Little sea life has formed on the tires. Some of the tires that were bundled together with nylon and steel have broken loose and are scouring the ocean floor across a swath the size of 31 football fields. Tires are washing up on beaches. Thousands have wedged up against a nearby natural reef, blocking coral growth and devastating marine life.
“The really good idea was to provide habitat for marine critters so we could double or triple marine life in the area. It just didn’t work that way,” said Ray McAllister, a professor of ocean engineering at Florida Atlantic University who was instrumental in organizing the project. “I look back now and see it was a bad idea.”
The amusing part is that there were clear signs that tire reefs weren’t going to work as early as the 1980s. But as the article notes, state and national governments kept trying them, anyway. Now taxpayers get to foot the bill for the cleanup.

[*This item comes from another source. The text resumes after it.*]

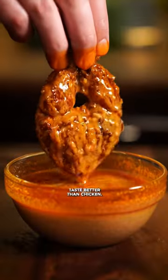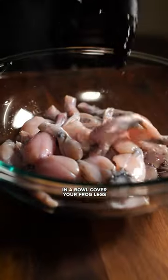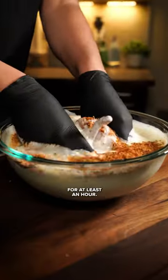This might be controversial, but frog legs taste better than chicken. In a bowl, cover your frog legs with buttermilk, lots of creole seasoning, and leave them in your fridge for at least an hour.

The libertarian lesson: Experts can be and frequently are wrong. An expert working for the government is no less susceptible to bias or ill motivation as one working for a corporation. Which is why it’s foolhardy to rely on their expertise when making top-down policies that affect everyone. In fact, the main difference between the two is that when a private corporation’s experts are wrong, the consequences are generally limited to the corporation, its employees, and its investors (there are hard cases, of course. Pollution comes to mind. But hard cases make for bad policy.). When the government’s experts are wrong, we all get to suffer the consequences. Which is a good reason to have government making as few one-size-fits-all policies as possible.
There was a time when government experts told us to eat lots of pasta. Not so much anymore. The “experts” at CSPI (who aren’t the government, but are far too influential on it) once told us trans-fats were hunky-dory, and encourage restaurants to use them instead of butter and other animal fats. Now they say trans-fats are gelatinous death, and they’re urging governments to ban them. Right now, government experts are generally lying to us about secondhand smoke, and using that “expertise” to call for public smoking bans. Same for medical marijuana. Government experts now tell us we’re going to die if we don’t lose a few pounds. But there’s some evidence that dieting may be worse for you than carrying extra weight. There’s now overwhelming scientific evidence that daily, moderate consumption of alcohol could add years to your life. Yet government experts continue to advocate top-down policies aimed at reducing alcohol consumption, because for whatever reason, they’re more worried about the small percentage of people who abuse alcohol than the exponentially hire number of people who could benefit from it.
(It’s also interesting how the government’s preferred experts so often come to carefully-researched conclusions that call for giving more power to the government.)
I’m not arguing that on those issues where I disagree with a government policy, my preferred experts are always better than the government’s (though I obviously think they are, or they wouldn’t be my preferred experts). I’m arguing that all experts — both the ones I agree with and the ones I don’t — can be wrong. Therefore, policymakers should err on the side of letting people make up their own minds, and deciding which experts to trust. Just because Philip Morris commissions a study doesn’t mean it’s wrong (though it often is). And just because the Robert Wood Johnson Foundation commissions a study doesn’t mean it’s free of bias (it often isn’t).